National Grid reports that over the summer of 2016, the service was used 323 times, with “10,800 MWh called with an average utilisation price of £61.41/MWh”. The procurement process can take account of factors other than the utilisation and availability fees bid, notably location. Successful tenders in the 2017 procurement had utilisation fees as high as £75/MWh.

At present, the procurement process for DTU does not appear to allow for new storage projects to compete in DTU tenders, but once they have become established, they should be well placed to do so, given their ability to provide demand as well as generation. They could be paid by National Grid to soak up cheap renewable power when there is little other demand for it. If National Grid felt able to procure DTU or similar services further in advance of when they were to be delivered, the tenders could have the potential to provide a more direct stimulus to new storage projects.

Battery bonanza?

Those who have been successful in the EFR or CM processes can begin to “stack” revenues from a number of income streams. And the more revenues you already have, the more aggressively you can bid in future tenders (for example for other ancillary services) to supplement them.
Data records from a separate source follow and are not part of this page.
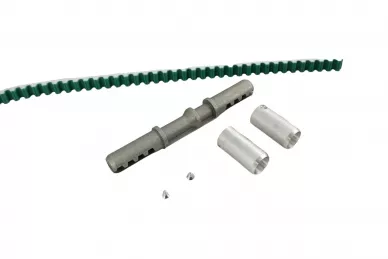 Came 119RIE122 Bande de Kevlar rail 352m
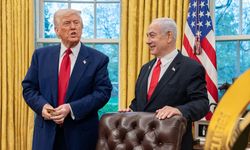 Trump’tan Netanyahu’ya: “Gazze saldırılarını hızlandırın”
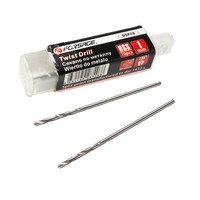 Bohrersatz 10-TLG. Metallbohrer 1 Mm Hss
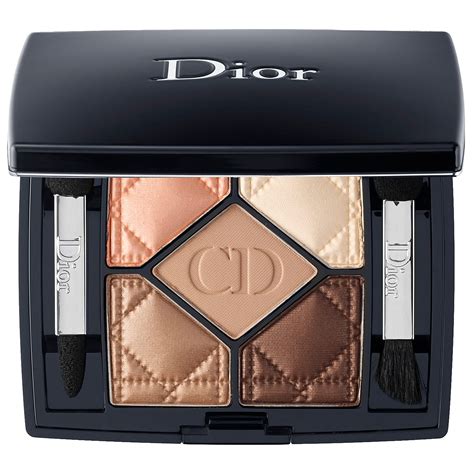 dior 5 eueshadow grey|dior show eye shadows.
But even if all the projects that were successful in the EFR and CM processes go ahead, they will still represent only a small fraction of those that have been given connection offers. Moreover, it looks as if the merchant and ancillary services models are the only ones making significant headway at present.  Why are we not seeing more storage projects integrated with renewables coming forward, for example? Why, to quote Tim Barrs, head of energy storage sales for British Gas, has battery storage “yet to achieve the widespread ‘bankable status’ that we saw with large-scale solar PV”?

Technology tends to become bankable when it has been deployed more often than batteries coupled with renewables have so far in GB. But even to make a business case to an equity investor, a renewables project with storage needs to show that over a reasonable timeframe the additional revenues that the storage enables the project to capture exceed the additional costs of installing the storage. What are these costs, over and above the costs of the batteries and associated equipment?  What does it take to add storage to an existing renewable generating project, or one for which development rights have already been acquired and other contractual arrangements entered into?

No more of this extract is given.